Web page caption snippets

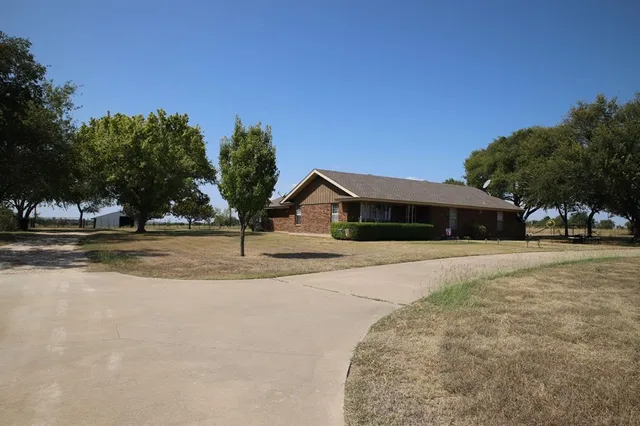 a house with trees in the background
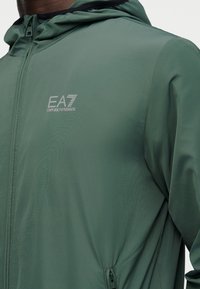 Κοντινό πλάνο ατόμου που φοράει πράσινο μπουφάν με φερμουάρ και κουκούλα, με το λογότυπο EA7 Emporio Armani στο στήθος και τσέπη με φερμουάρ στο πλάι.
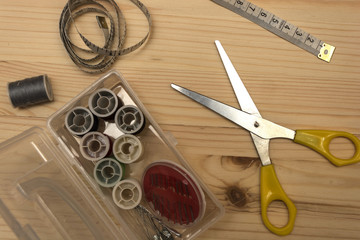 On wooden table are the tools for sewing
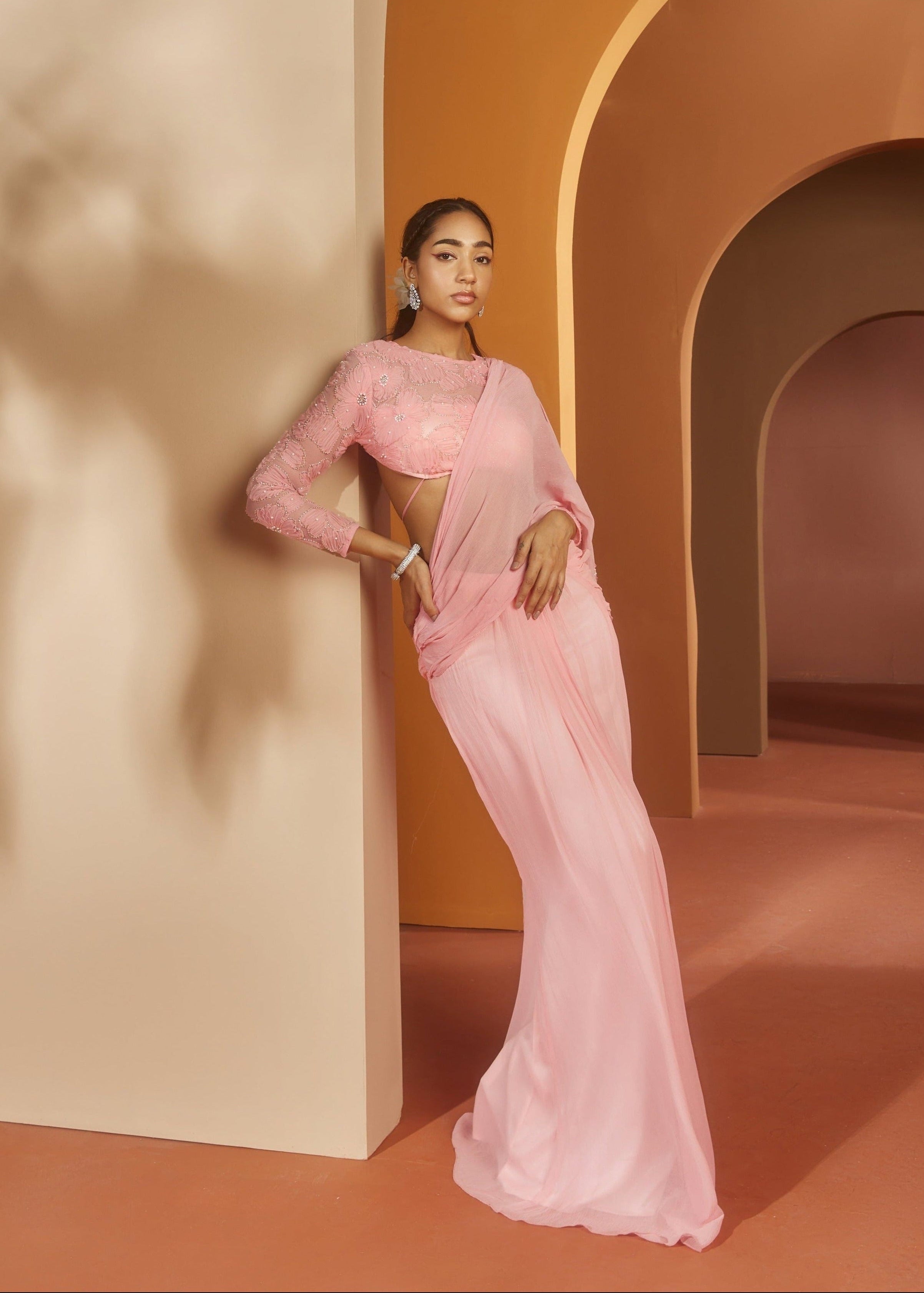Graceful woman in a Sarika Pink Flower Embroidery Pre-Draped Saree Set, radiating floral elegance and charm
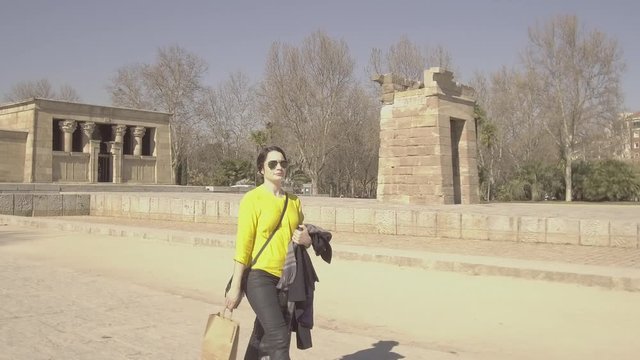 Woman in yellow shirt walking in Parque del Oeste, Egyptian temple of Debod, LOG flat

What the exercise asks: With all pictures omitted, return exactly the lines from the one containing "Graceful woman in" through the end of the entries above.

Your solution:
Graceful woman in a Sarika Pink Flower Embroidery Pre-Draped Saree Set, radiating floral elegance and charm
 Woman in yellow shirt walking in Parque del Oeste, Egyptian temple of Debod, LOG flat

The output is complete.